Welcome to our February 2025 Indigenous Peoples & Impact Investing issue. Contributors for this special issue represent Native leadership in enterprise, financial services and investment innovation working to redefine capital systems to include Indigenous Peoples. They demonstrate how environmental sustainability, equity and economic wellbeing are mutually reinforcing and offer critical insights for ESG frameworks and values-aligned investment models. The writers include:
Jane Breckinridge (Euchee Butterfly Farm) addresses ecological challenges while creating economic opportunities through Indigenous Peoples’ traditional knowledge and science. Carla Fredericks and Matt Aguiar (Christensen Fund) highlight the pivotal role of program-related investments and a rights-based approach that centers on relationships, creativity and iteration to allow Indigenous entrepreneurs to succeed on their own terms.
Cultivating a robust ecosystem of support for Native entrepreneurs, Fern Orie (WIHEDC) and Becky Albert-Breed (Cedar Growth) focuses on financial sovereignty and achieving success through relational, rather than transactional, lending models. Skya Ducheneaux (Akiptan) leads transformative work by designing capital delivery systems aligned with Native values to fund Native farmers and ranchers to strengthen Indian Country food economies. Casey Lozar (CICD) discusses how Indigenous communities are reclaiming control over data and metrics to articulate their own criteria for success.
Calling for an industry-wide shift, Vanessa Roanhorse (Roanhorse Consulting) emphasizes the need for direct partnership with Indigenous entrepreneurs, and champions the next generation of Native women reshaping finance. Keoni Lee (Hawai’i Investment Ready) highlights the vital role of Native intermediaries in bridging cultural and financial contexts to facilitate equitable partnerships and seed scalable, place-based solutions rooted in Indigenous values. And Kevin O’Neal Smith (Adasina) shares how investment criteria can integrate Indigenous Peoples at the portfolio level.

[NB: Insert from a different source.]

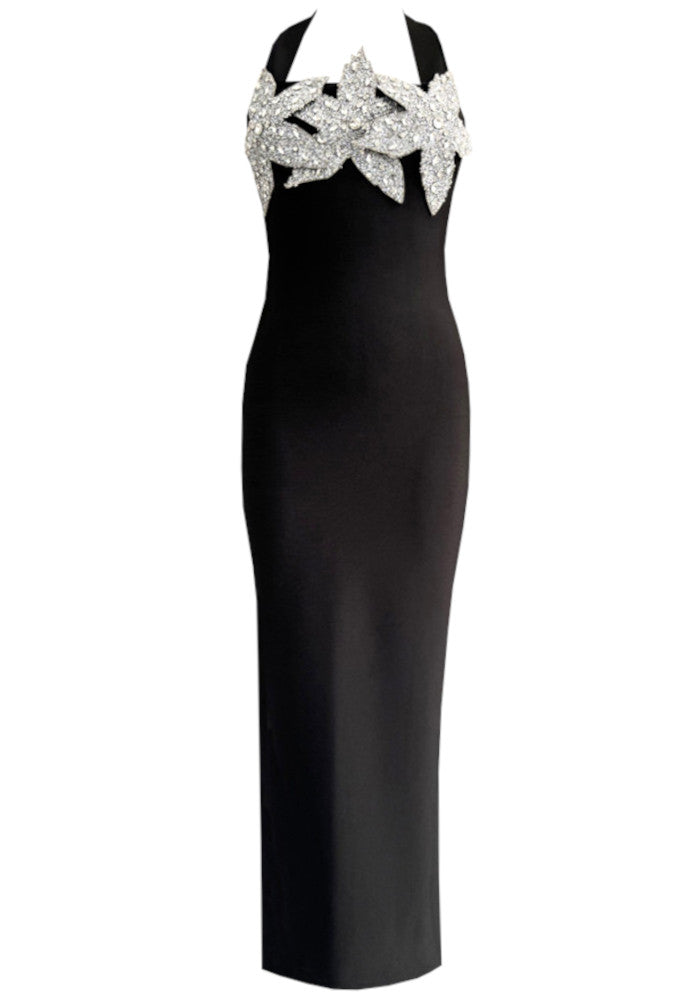 Halter Embellished Floral Maxi Dress Black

Among the special podcasts and videos in this issue, find an exclusive GreenMoney Talks podcast interview with elder, scholar and advocate Richard B. Williams of TREC who discusses with Kate Finn of the Tallgrass Institute, findings from TREC’s Historic Loss Assessment report. The featured video is from The Future Is Indigenous Women and the inspiring kickoff of the Rematriating Economies Apprenticeship, where Vanessa Roanhorse explores the power of reconnecting with traditional Indigenous knowledge to rebuild community-driven economic systems.
Finally, we introduce the newly launched Tallgrass Institute, a Center for Indigenous Economic Stewardship, which co-curated this issue; and find an update to the Indigenous Peoples and Engagement Timeline for Sustainable and Responsible Investing now through 2024.